А Таратор был у нас важная шишка, депутат и все такое прочее. Пошел я к нему: так, мол, и так. Он говорит:

— Нет, нет и нет!

Но я все-таки нащупал его слабое место.

— Вроде бы, — говорю, — скоро выборам быть? В нашем роду сорок пять душ, не считая троюродных и четвероюродных. Могу тебе их всех скопом привести, сорок, а то и пятьдесят голосов прибавится — глядишь, тебе депутатство и обеспечено! Возьмем, говорю, флаг вашей партии и пройдем по всем торговым рядам, только устрой то дельце, о каком я хлопочу, ведь сущая пустяковина!

Ну, этот тоже сдался.

Ночью Прыщ врыл перед дверью столб, к столбу крюк приладил, повесил тушу, а еще через день все мясники вывесили туши на прежних местах. Ветеринар столбы валить не осмелился, и мясной ряд возродился снова.

Взял я денег взаймы, купил новую машину «Зингер», новых колодок, подошв, сафьяну и опять занялся своим ремеслом. Всяких чувяков нашил — греческих, плотогонских, пожарничьих, всех цветов и фасонов, — черные, белые, красные, тупоносые и остроносые, с язычками и без язычков, нанизал их на веревку и повесил перед входом в лавку, кто ни пройдет — взглянет, кто ни взглянет — остановится. Одни только поглядят, другие купят, и вроде дела мои пошли в гору.
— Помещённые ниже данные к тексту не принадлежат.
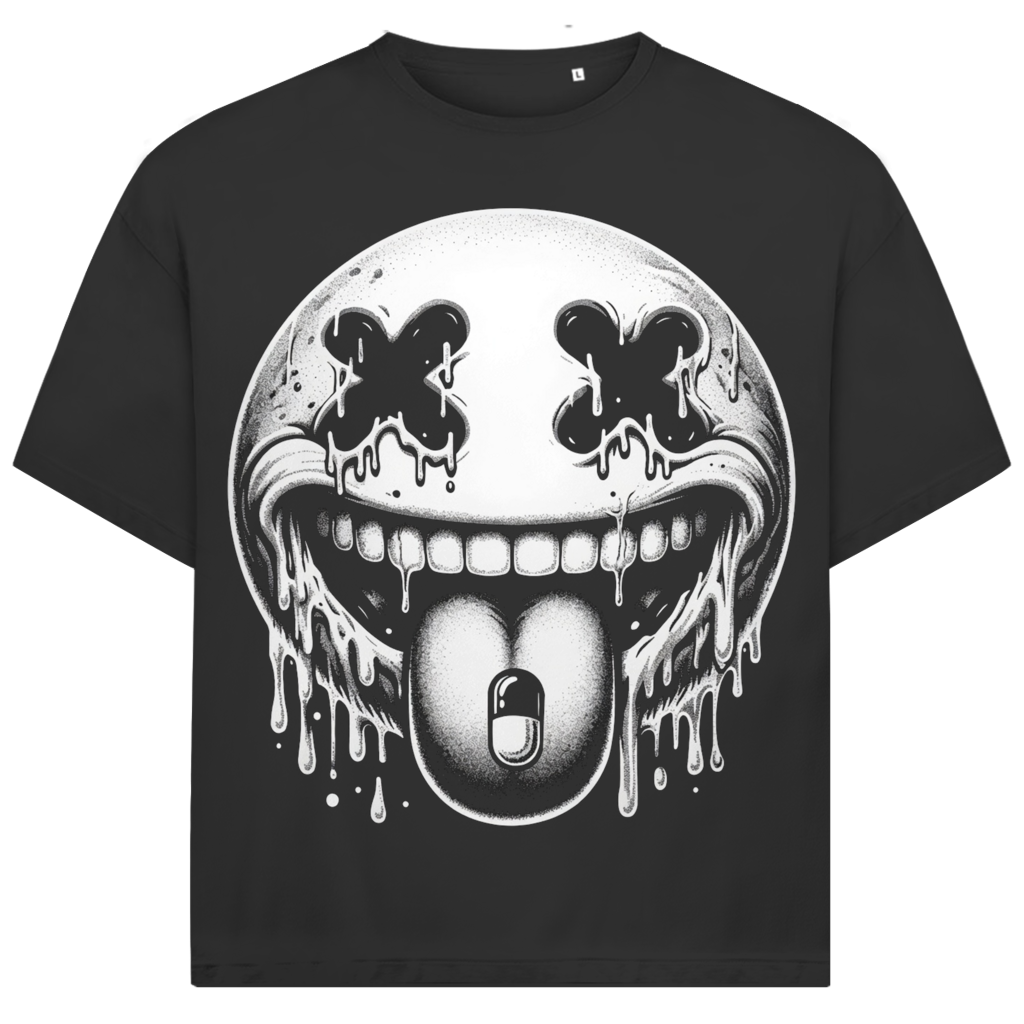 Jack & Jones Oversize Dripping Smiley Face Herren T-Shirt Black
Еще до пожара была у меня невеста, набрался я храбрости и сыграл свадьбу. Сняли мы с ней пустую, можно сказать, комнату, два стула да столик, но ведь у меня в руках ремесло было, и рассчитывал я, что заработаю и на дом собственный, и на всякую утварь домашнюю. Но тут — надо же — объявился этот «Бакиш»!

Как-то раз утречком говорю я Колю Прыщу:

— Послушай, Колю, давай сегодня на пару пообедаем — ты мясца дашь, от меня — зелень.

— Согласен, — сказал Прыщ. — Давай деньги, зелени куплю.

Дал я ему денег, пошел он на базар. И что-то долго его назад нету. Потом возвращается, картошки несет, укропу, лук и еще издали кричит мне:

— Беги, Коста, на базар, погляди на диво-дивное! Постолы из резины продают! Чуть не задаром!

Екнуло у меня что-то внутри. Отложил свой молоток и пошел. Наро-одищу-у-у! Не подойти, не протолкнуться, облепили лоток со всех сторон, а на нем доверху постолы навалены. Взял я в руки один, перевернул вверх подошвой, на подошве написано «Б а к и ш» — р е з и н о в а я  ф а б р и к а.